WORK INSTRUCTION:
Write out exactly the lines below starting at the one containing "Diagram of the brain in schizophrenia" and ending at the one containing "Rhinoplasty Before &". Omit every picture.

GIVEN DATA:
================================

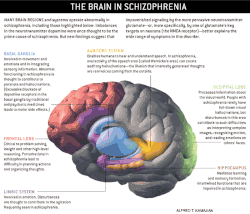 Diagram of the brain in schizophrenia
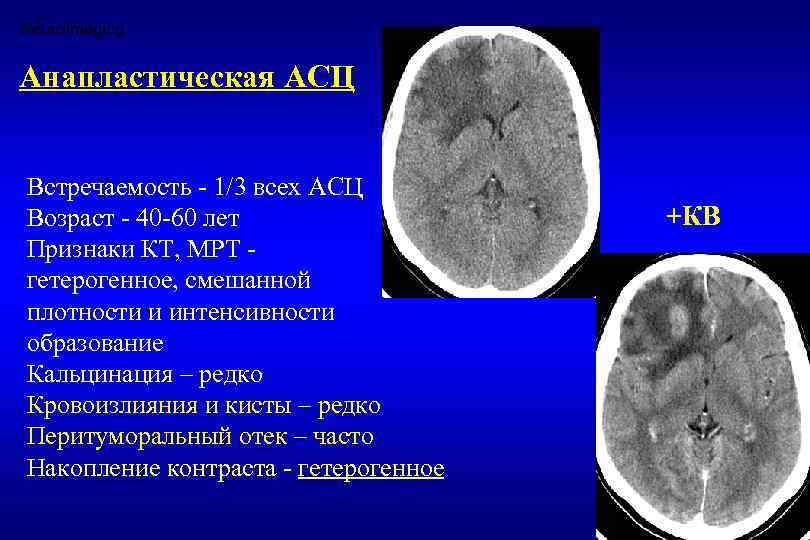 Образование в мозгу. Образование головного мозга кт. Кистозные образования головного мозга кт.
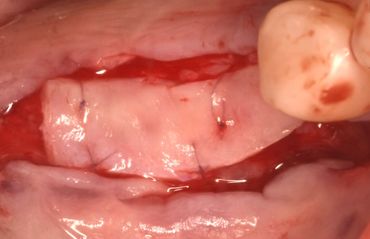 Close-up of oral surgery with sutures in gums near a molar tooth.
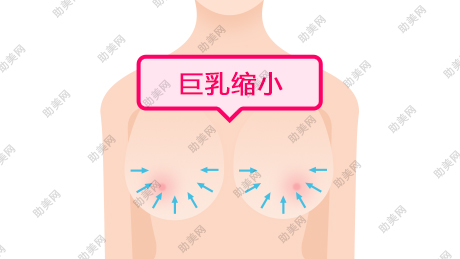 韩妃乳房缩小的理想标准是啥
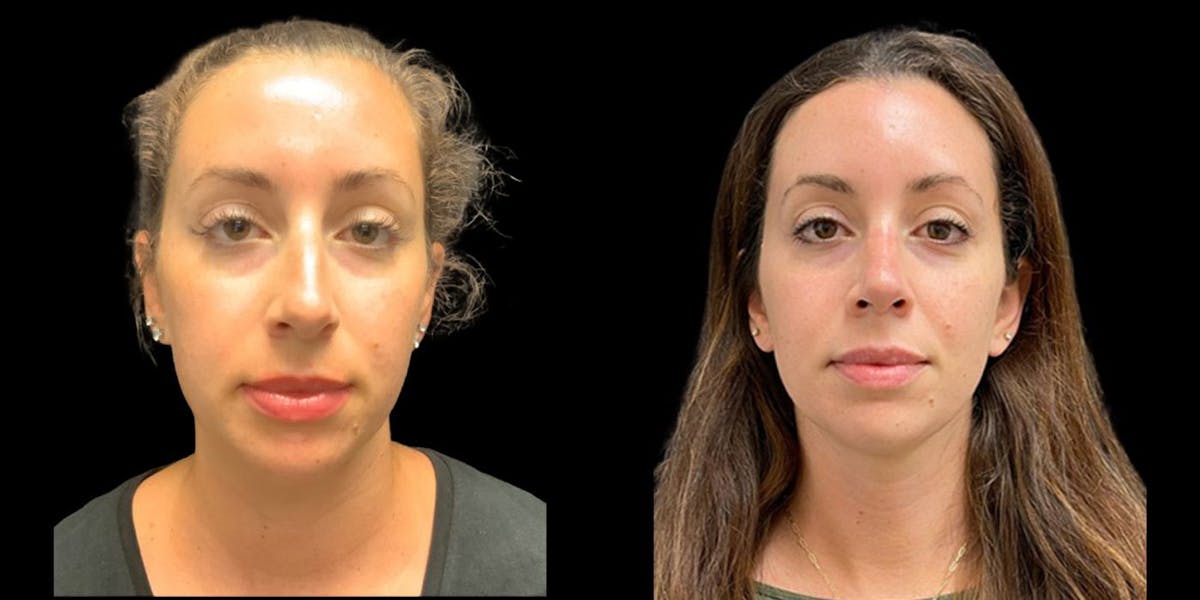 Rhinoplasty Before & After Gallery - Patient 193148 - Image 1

================================

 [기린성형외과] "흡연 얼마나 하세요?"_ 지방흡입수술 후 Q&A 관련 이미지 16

================================

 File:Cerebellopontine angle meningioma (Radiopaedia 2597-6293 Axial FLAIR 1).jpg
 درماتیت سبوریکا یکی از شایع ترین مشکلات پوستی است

================================

RESPONSE TO THIS TASK:
 Diagram of the brain in schizophrenia
 Образование в мозгу. Образование головного мозга кт. Кистозные образования головного мозга кт.
 Close-up of oral surgery with sutures in gums near a molar tooth.
 韩妃乳房缩小的理想标准是啥
 Rhinoplasty Before & After Gallery - Patient 193148 - Image 1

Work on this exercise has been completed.